Length and lack of care
One thing these circulars have in common is that they're far longer than the hand-written notes they've replaced. They can go on for anything up to four pages. This year's verbosity victory went to one that looked like only two, but was printed in a font so small that the author managed to pack in 3,000 words that were unreadable without the help of a magnifying glass.
Another common feature is that the quality of writing leaves much to be desired. Elementary grammatical mistakes abound, as do apostrophe abuse and the curious but widespread belief that sentences should end with exclamation marks!

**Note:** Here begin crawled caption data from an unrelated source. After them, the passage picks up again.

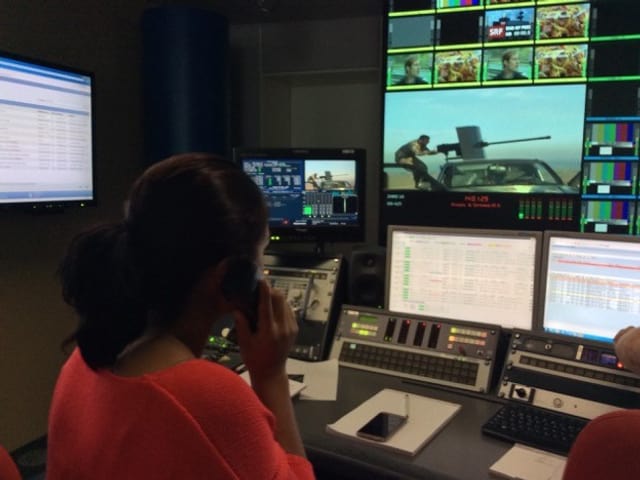 Schaltraum von SRF, Beriwan telefoniert mit Ronahi TV, Monitor zeigt Kriegsbilder Schaltraum von SRF, Beriwan telefoniert mit Ronahi TV, Monitor zeigt Kriegsbilder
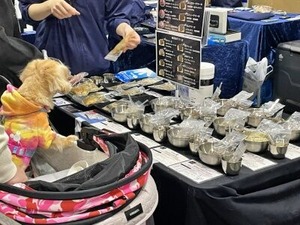 厳選素材のフードの試食コーナー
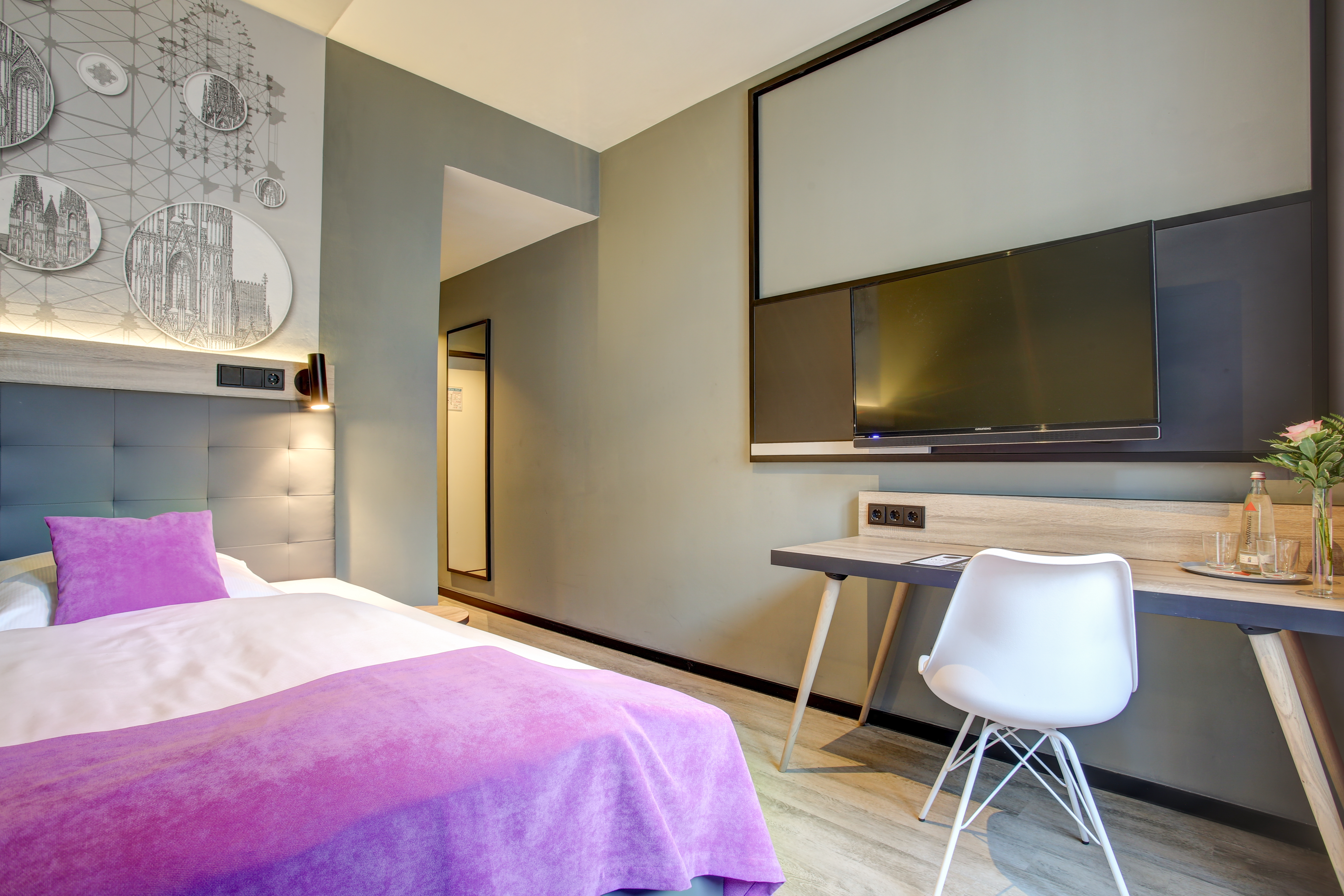 Guest room at the Boutique 003 Koln am DOM, Trademark Collection by Wyndham in Koeln, Other than US/Canada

One of this year's scribes seemed to think that one such mark is never enough and that there should be at least four of them!!!!
Worst of all, the writing is undisciplined, long-winded and shows little sign of any editing at all - even though the technology makes it so easy to delete words and sentences as you go along.
This brings me to why I think word processing has a lot to answer for when it comes to explaining why something that might have been expected to improve the way we write has actually had the opposite effect.
One step to the finished article
The trouble is that professional-looking fonts make a first draft look just as finished and professional as the final draft used to look after you'd been through quite a lot of stages - at each one of which there would be further scope for correction, editing and stylistic improvement.
As you went from one step to the next, the manuscript gradually looked better than it did earlier on, until you eventually reached publication day when the pages looked as pristine and professional as today's word-processed draft already looks at stage (1).
For those too young to remember the process, it went something like this:
- Hand-written version (for one particularly difficult chapter of a book I wrote 30 years ago, only about about one sentence a page survived without being crossed out or amended, which meant throwing out 19 pages for every one I kept), followed by
- the author's amateurishly typed version, with much Tippex and scissors & pasting before handing it to
- a secretary who typed a neat version which
- still needed further editing and amendments before
- the final typed version was submitted to publisher who would eventually send back
- galley-proofs for copy editing (with minor changes still possible) before
- PUBLICATION OF THE ARTICLE/BOOK
More means worse?
I realise that, in saying all this, it might look as though I'm taking a 'holier than thou' attitude towards writers who regard the Christmas circular as a practical way of improving their communication of family news to friends and relations.
But I'm not claiming to be immune from the negative impact that computers are having on the way we write - if only because I know that I rarely spend as much time, or take as much care, when writing posts for this blog as I do when I'm writing for a more traditional form publication.
But I do find it all rather worrying because of the way that computerised word-processing has reduced the amount of quality control that once went into what we wrote.
This, coupled with the seemingly infinite expansion of written information made possible by the internet, means that more very often does mean worse - which might not matter were it not for the fact that you have to plough your way through so much poorly-written prose to discover what's worth reading and what isn't.